■ Problem to work on
Whatever appears in the records apart from pictures must be reproduced exactly.

■ Dataset
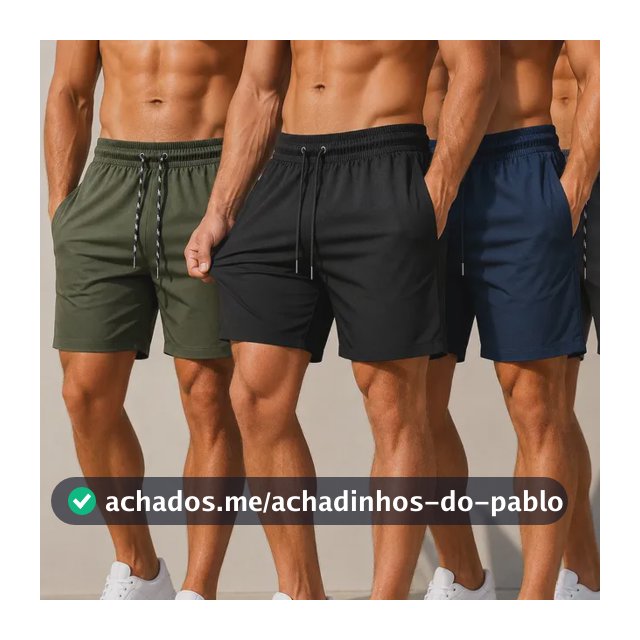 Kit 4 Bermuda Masculino Short Elastano Academia Bolso Casual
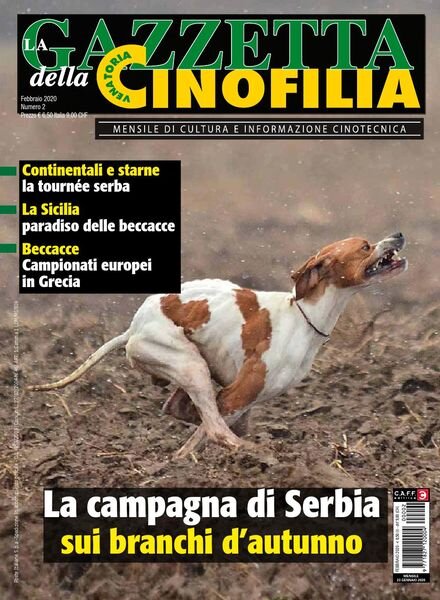 La Gazzetta Della Cinofilia Venatoria – Febbraio 2020 Cover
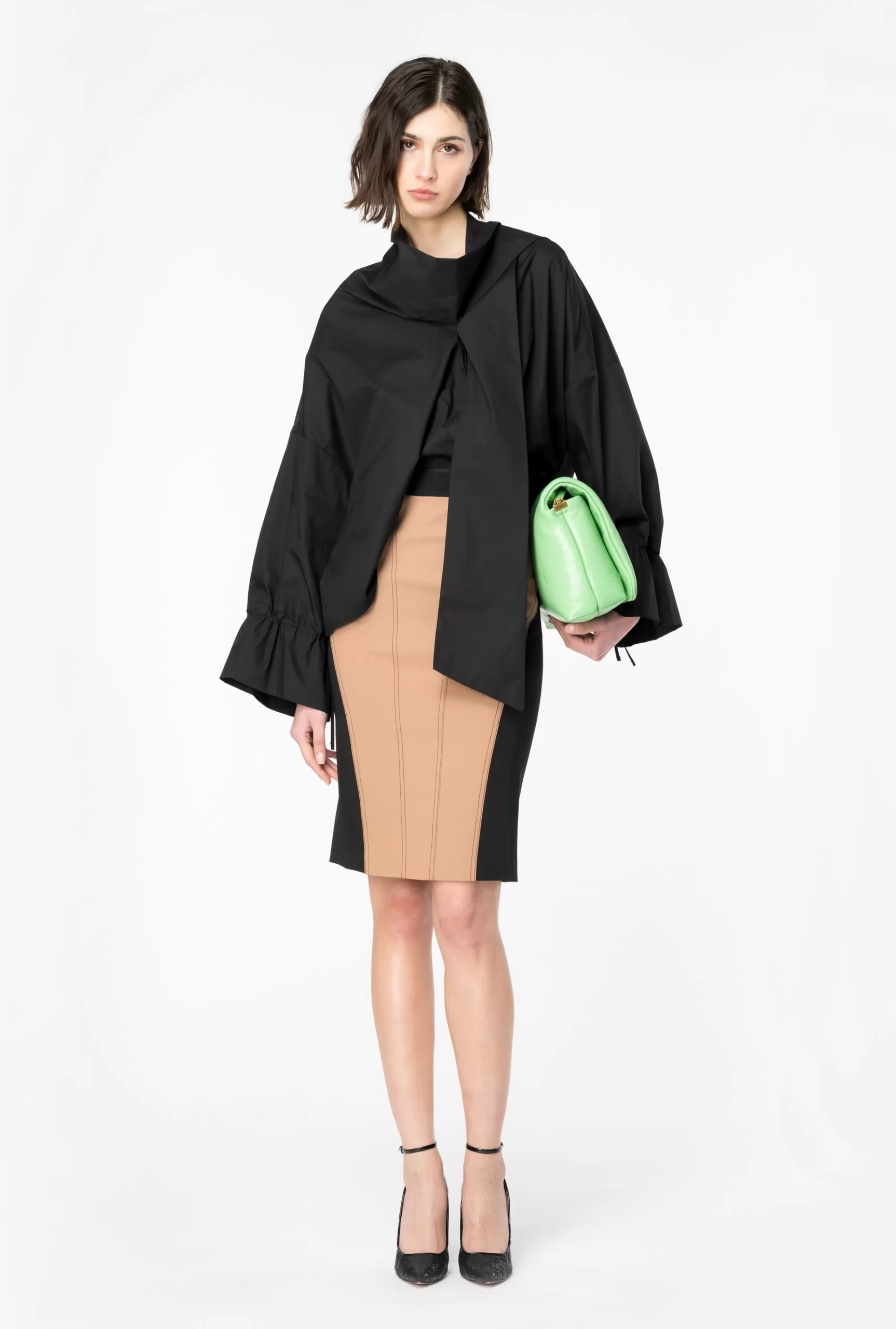 PINKO Dual-material Pencil Skirt Clearance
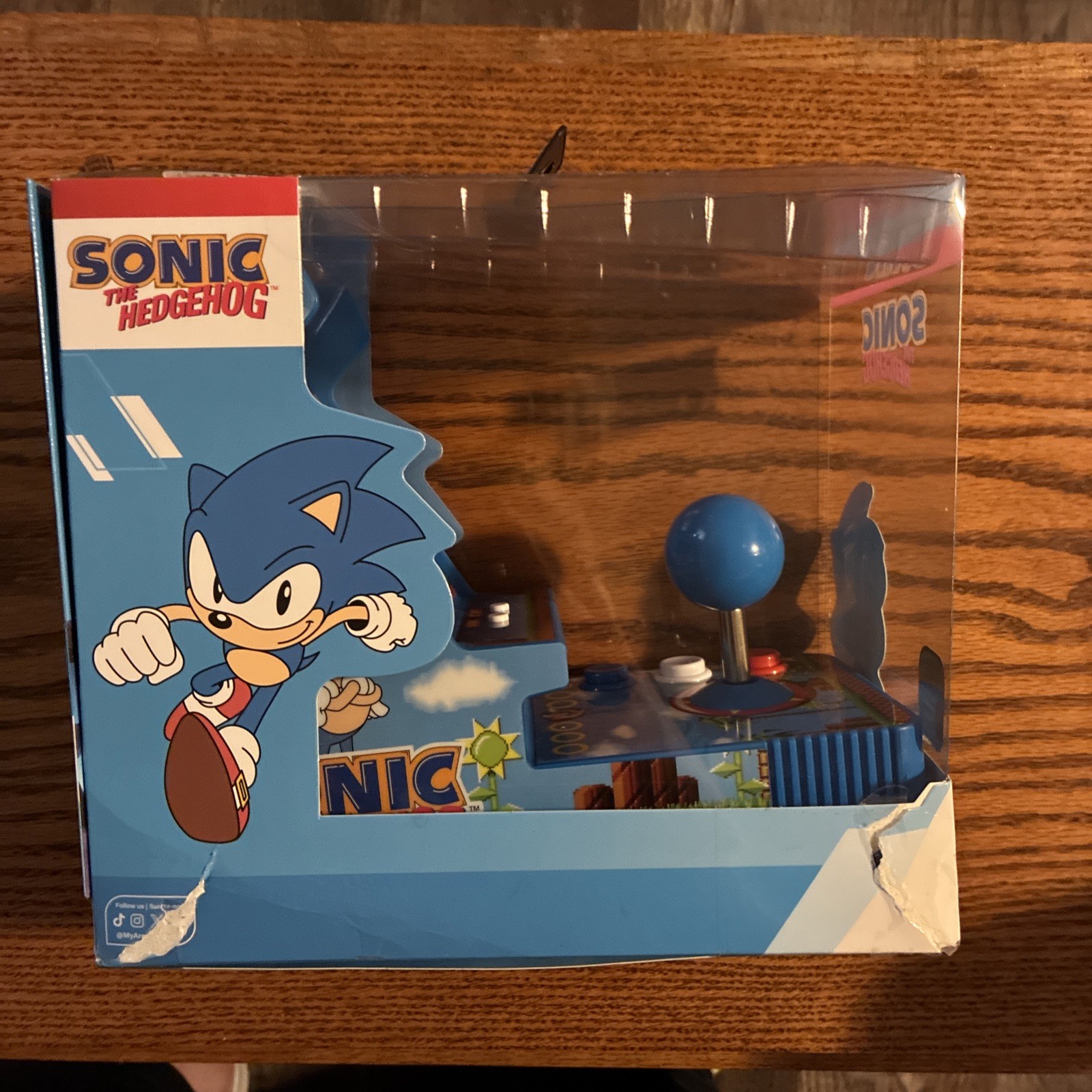 My Arcade Sonic The Hedgehog Joystick Player 2in1 Sega Classic Arcade 6+ New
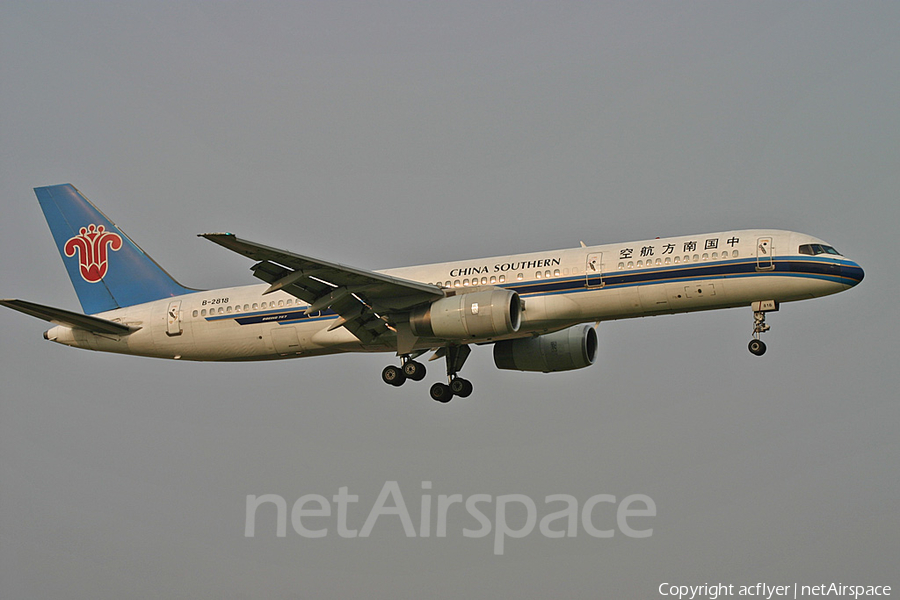 China Southern Airlines Boeing 757-21B (B-2818) | Photo 160960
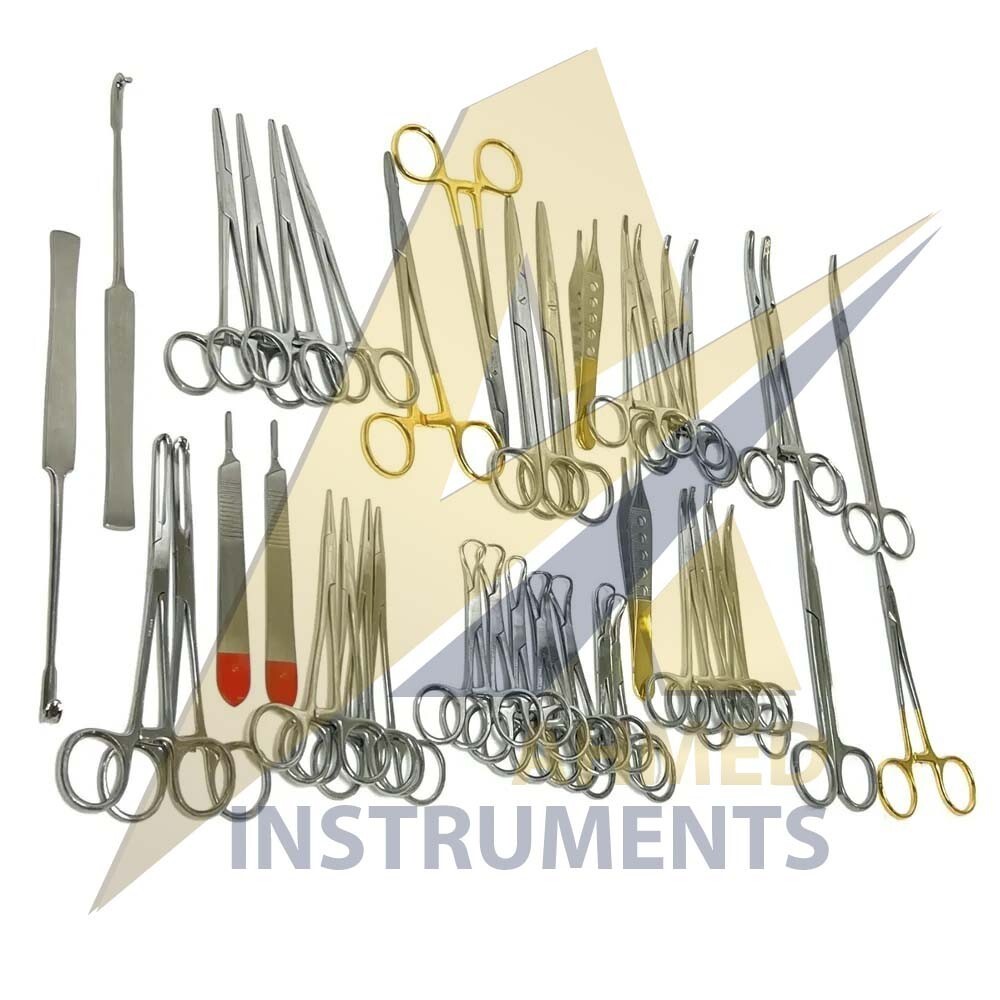 141 PCS CANINE+FELINE SPAY PACK VETERINARY SURGICAL INSTRUMENTS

■ Solution for this exercise
 Kit 4 Bermuda Masculino Short Elastano Academia Bolso Casual
 La Gazzetta Della Cinofilia Venatoria – Febbraio 2020 Cover
 PINKO Dual-material Pencil Skirt Clearance
 My Arcade Sonic The Hedgehog Joystick Player 2in1 Sega Classic Arcade 6+ New
 China Southern Airlines Boeing 757-21B (B-2818) | Photo 160960
 141 PCS CANINE+FELINE SPAY PACK VETERINARY SURGICAL INSTRUMENTS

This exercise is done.